__How to complete this task__
The required answer is every line of the data containing the word "Lane".

__Task inputs__
╭──

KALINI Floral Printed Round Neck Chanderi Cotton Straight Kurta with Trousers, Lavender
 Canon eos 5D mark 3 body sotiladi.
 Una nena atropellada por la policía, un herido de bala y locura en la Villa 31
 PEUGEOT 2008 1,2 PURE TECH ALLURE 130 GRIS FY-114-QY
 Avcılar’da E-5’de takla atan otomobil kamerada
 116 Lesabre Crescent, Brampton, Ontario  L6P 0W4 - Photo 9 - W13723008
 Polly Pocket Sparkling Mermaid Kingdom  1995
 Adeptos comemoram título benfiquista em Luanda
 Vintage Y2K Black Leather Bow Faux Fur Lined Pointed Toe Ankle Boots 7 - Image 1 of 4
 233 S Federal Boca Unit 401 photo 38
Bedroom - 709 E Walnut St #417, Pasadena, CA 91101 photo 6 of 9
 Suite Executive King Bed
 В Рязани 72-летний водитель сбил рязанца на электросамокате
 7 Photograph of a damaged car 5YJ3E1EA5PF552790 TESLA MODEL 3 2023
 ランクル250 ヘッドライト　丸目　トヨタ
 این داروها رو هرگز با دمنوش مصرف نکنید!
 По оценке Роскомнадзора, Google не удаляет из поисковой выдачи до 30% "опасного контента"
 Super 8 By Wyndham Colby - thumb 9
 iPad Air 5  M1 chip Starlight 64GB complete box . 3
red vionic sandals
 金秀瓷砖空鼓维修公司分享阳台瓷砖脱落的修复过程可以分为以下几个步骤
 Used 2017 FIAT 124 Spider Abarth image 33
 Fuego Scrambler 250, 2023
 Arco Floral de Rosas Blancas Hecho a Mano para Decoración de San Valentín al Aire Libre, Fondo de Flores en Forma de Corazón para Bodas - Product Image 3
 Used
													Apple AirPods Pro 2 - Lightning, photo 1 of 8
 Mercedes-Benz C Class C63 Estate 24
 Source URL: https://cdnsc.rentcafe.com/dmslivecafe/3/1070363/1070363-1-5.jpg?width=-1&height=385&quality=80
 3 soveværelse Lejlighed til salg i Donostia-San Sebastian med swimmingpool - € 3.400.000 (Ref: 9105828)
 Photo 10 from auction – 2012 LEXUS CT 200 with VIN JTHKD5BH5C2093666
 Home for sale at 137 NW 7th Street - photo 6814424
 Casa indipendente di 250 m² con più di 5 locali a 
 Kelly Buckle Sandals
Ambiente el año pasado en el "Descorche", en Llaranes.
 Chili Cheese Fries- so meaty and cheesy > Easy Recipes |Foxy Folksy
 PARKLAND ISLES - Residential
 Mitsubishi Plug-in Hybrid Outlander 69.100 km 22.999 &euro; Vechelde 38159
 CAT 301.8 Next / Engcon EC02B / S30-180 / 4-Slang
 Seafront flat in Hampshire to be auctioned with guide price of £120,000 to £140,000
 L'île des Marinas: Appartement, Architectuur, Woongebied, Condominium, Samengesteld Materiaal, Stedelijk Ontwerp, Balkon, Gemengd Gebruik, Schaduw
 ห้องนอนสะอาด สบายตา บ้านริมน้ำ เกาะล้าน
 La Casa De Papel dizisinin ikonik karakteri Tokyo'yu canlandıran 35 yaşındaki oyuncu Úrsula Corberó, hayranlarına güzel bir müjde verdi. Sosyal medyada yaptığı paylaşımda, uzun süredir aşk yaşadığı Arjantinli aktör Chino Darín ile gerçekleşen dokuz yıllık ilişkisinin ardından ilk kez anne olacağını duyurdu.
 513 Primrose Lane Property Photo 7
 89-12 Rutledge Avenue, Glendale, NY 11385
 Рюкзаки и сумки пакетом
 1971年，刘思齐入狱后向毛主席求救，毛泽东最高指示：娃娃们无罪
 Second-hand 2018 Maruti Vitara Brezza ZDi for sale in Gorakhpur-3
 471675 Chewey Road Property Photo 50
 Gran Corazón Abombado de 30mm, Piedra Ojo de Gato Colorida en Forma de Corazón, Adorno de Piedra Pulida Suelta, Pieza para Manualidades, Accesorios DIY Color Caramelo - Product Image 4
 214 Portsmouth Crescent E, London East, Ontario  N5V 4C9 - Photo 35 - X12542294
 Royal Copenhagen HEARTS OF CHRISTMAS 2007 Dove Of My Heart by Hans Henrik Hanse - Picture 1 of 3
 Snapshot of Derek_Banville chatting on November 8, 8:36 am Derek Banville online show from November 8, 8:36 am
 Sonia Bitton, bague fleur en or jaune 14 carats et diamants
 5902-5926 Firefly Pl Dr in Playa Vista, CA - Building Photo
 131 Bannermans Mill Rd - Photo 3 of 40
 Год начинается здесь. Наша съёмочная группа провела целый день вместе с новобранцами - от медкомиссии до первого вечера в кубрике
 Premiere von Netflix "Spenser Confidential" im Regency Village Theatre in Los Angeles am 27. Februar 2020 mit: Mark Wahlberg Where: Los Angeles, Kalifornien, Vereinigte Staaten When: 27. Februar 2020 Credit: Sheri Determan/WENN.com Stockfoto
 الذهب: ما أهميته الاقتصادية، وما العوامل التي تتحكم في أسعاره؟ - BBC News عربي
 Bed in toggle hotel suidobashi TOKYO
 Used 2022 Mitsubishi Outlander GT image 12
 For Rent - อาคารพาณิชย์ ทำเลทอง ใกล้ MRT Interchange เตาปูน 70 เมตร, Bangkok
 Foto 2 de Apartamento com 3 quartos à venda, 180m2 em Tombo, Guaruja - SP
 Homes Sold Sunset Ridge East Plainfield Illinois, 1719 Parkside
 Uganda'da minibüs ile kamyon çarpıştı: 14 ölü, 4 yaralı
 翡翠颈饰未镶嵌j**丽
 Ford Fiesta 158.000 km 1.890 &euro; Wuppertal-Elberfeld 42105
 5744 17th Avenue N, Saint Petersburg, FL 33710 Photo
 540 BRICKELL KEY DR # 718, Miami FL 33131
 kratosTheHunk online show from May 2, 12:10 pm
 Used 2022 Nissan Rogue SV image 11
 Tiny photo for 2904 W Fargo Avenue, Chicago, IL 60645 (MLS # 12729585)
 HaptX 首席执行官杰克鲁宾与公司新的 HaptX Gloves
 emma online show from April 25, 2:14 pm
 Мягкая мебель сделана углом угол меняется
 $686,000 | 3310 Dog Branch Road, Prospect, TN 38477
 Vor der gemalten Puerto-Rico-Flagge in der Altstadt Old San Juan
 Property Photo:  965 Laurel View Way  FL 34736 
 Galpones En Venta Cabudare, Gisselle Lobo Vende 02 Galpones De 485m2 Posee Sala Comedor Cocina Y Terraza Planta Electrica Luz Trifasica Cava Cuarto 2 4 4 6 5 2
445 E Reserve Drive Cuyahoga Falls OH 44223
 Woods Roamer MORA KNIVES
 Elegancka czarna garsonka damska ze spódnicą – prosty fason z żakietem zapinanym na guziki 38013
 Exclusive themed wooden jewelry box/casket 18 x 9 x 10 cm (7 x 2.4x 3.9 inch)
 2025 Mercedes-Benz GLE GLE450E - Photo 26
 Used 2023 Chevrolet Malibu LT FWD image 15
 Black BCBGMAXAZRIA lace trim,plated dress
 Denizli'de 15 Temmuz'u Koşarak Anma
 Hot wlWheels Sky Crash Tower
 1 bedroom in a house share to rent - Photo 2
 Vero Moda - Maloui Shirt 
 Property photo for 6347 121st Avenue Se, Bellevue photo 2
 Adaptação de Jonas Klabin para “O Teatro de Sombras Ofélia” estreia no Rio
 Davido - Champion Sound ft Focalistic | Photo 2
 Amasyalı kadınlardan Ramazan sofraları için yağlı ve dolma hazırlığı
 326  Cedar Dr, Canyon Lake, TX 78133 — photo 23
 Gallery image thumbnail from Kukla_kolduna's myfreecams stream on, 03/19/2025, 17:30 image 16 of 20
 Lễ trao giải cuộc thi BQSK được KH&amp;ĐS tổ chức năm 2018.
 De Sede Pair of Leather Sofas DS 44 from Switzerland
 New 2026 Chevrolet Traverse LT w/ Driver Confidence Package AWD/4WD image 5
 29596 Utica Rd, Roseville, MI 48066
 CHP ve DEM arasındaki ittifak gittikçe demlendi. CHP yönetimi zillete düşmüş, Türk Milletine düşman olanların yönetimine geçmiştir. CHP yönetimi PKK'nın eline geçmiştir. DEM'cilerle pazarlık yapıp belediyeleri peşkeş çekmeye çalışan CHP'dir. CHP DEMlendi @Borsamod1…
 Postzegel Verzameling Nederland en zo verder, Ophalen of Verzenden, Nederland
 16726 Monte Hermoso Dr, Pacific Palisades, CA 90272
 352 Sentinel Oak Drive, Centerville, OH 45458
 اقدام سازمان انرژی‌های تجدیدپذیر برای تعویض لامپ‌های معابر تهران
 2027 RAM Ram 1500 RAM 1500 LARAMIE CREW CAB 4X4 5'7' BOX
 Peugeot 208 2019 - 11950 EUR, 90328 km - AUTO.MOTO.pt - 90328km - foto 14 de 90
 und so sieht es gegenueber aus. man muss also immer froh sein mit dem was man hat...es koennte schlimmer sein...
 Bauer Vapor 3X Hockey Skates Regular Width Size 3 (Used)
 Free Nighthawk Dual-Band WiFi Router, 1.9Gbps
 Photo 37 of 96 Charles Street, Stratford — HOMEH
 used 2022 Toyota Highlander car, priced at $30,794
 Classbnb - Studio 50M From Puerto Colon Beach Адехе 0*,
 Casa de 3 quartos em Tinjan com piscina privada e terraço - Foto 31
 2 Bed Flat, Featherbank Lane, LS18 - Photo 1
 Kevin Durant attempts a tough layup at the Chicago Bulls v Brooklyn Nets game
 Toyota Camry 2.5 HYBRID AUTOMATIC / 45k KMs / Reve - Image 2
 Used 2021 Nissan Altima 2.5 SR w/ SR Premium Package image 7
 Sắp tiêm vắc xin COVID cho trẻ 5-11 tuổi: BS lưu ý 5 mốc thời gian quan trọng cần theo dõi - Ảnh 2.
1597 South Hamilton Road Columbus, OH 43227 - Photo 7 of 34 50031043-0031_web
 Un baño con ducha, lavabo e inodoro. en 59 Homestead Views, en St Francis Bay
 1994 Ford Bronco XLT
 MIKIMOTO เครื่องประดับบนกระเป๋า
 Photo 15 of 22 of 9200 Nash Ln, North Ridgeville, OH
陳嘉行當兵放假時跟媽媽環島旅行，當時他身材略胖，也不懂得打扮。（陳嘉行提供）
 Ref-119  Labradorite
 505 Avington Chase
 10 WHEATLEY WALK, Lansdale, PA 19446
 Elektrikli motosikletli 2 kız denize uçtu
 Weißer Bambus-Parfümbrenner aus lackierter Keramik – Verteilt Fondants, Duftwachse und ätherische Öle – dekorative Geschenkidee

╰──

__Response__
 513 Primrose Lane Property Photo 7
 2 Bed Flat, Featherbank Lane, LS18 - Photo 1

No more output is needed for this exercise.